No pitch for me either, but I love yours! I'm with Shelley--I would definitely read all three. :-)

Shannon O'Donnell said...

Great post! Very informative, Guinevere. I'm printing this one. :-)

laurel said...

Your pitches sound very polished. Great work!

The formula you've provided looks really helpful. Thanks! I'm abysmal at doing these sorts of big-picture summaries.

Tere Kirkland said...

Two sentence pitches are often difficult for me, but I've been working on them. Your tips are very helpful, thanks!

Julie Dao said...

I think your pitches are fantastic! They definitely make me want to read the book. This is such a good idea and such good practice on how to be succinct and still get all the necessary information across. I'll have to try writing elevator pitches for my WIPs!

Guinevere said...

Thanks Jen, I definitely want to read yours when you finish!

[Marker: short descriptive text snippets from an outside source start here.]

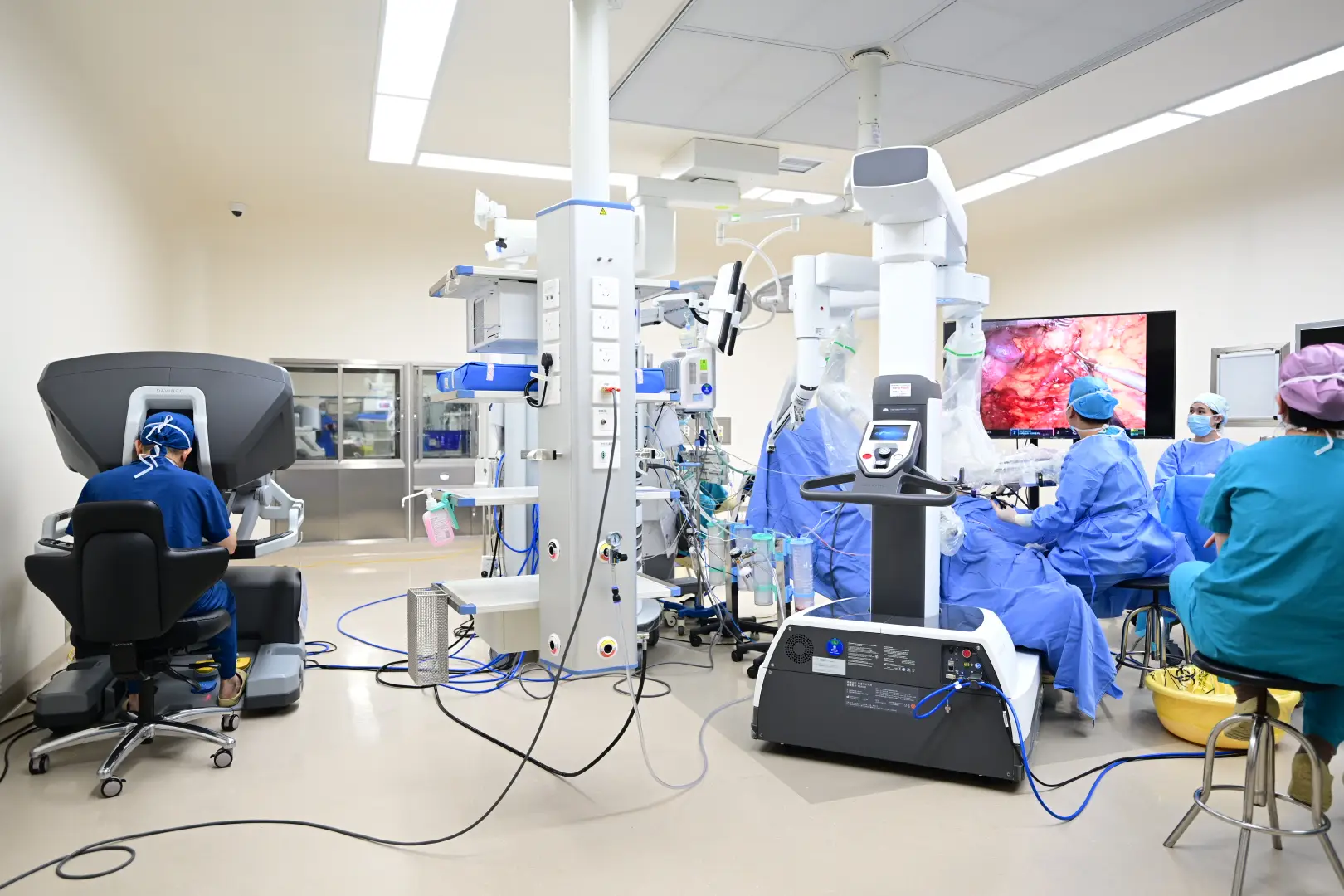 Extracorporeal Shock Wave Lithotripsy in Xiamen, China by Xiamen Humanity Hospital — Procedure Gallery Photo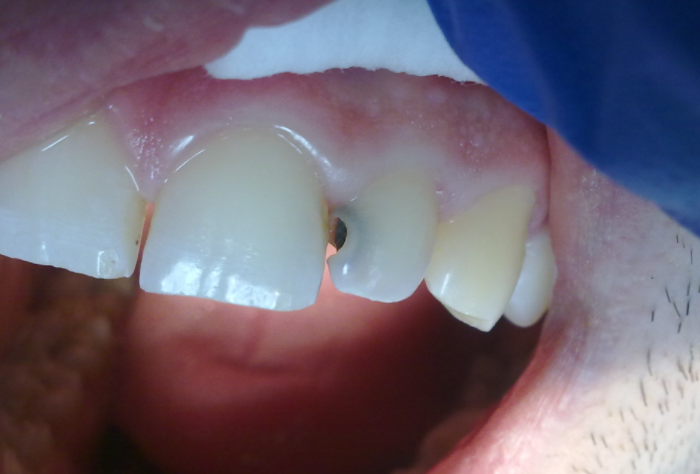 Почему почернел зуб под пломбой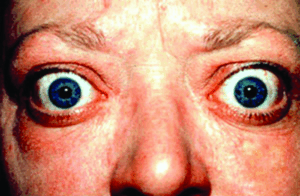 Hypothyroidism And Hyperthyroidism For Beginners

Tara and Tess, I'm glad you found this helpful! I learned a lot working on this post, honestly.

Aww thanks, Shelley and Summer! I always worry if my stories are very marketable, so that's nice to hear.

Thanks, Shannon! That's good to hear. :)

Laurel, I really struggle with the "big picture" stuff too. It's hard to strip out all my subplots and focus on the core of the story.

You're welcome, Tere, and good luck!

Have fun, Julie! It really is a blast once you get the hang of it. :)

Stephanie Thornton said...

Pitches are hard- I found mine while editing my WIP one day.

BTW- I left an award for you on my blog!

disobedientwriter said...

Thank you thank you thank you! I've been so desperate for a formulaic approach to the pitch. I've been working on it FOREVER.

Your pitch is great. Can't wait to try this out on my novel.